A dentist and a new mother had to be taken by helicopter to a hospital when her organs were closed and she was yellow. was after the delivery.
Louise Double, from Jersey, had a quiet pregnancy until delivery, when she suddenly had pain in her chest and had to be brought to intensive care.
Tests revealed that her liver failed and doctors told her that she needed an immediate transplant or that she would die, Ms. Double said.
She was separated from her newborn daughter, Amelia, and flown from Jersey to London, where she quickly replaced the vital organ.
Doctors said that her illness was probably caused by a rare but serious complication at birth called HELLP, which damages the blood cells.
Now in recovery but weakened and controlled to ensure that her new liver is not rejected, Ms.

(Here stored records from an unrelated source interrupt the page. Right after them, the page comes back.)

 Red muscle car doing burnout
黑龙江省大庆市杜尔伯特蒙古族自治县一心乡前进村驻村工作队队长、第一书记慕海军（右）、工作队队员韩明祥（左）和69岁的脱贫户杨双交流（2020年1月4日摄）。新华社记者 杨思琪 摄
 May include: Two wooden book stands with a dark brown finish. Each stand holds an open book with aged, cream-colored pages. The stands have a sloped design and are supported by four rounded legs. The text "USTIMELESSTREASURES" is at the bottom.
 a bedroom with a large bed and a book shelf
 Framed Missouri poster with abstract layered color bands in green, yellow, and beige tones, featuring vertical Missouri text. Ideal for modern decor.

Double urges more people to become organ donors.
Louise Double (pictured in bed with her daughter, Amelia, after her liver transplant) was rushed to the intensive care unit after delivery because she had pain in her ribs and started to turn yellow – it turned out she had a rare birth complication called HELLP
Ms. Double, 31, has now recovered from the disease, but was severely weakened in her arms, legs, and core muscles after spending two weeks in an intensive care bed.
Ms. Double entered the labor market in June 2018 and spent two days giving birth to her daughter in assisted childbirth because her baby's heartbeat dropped.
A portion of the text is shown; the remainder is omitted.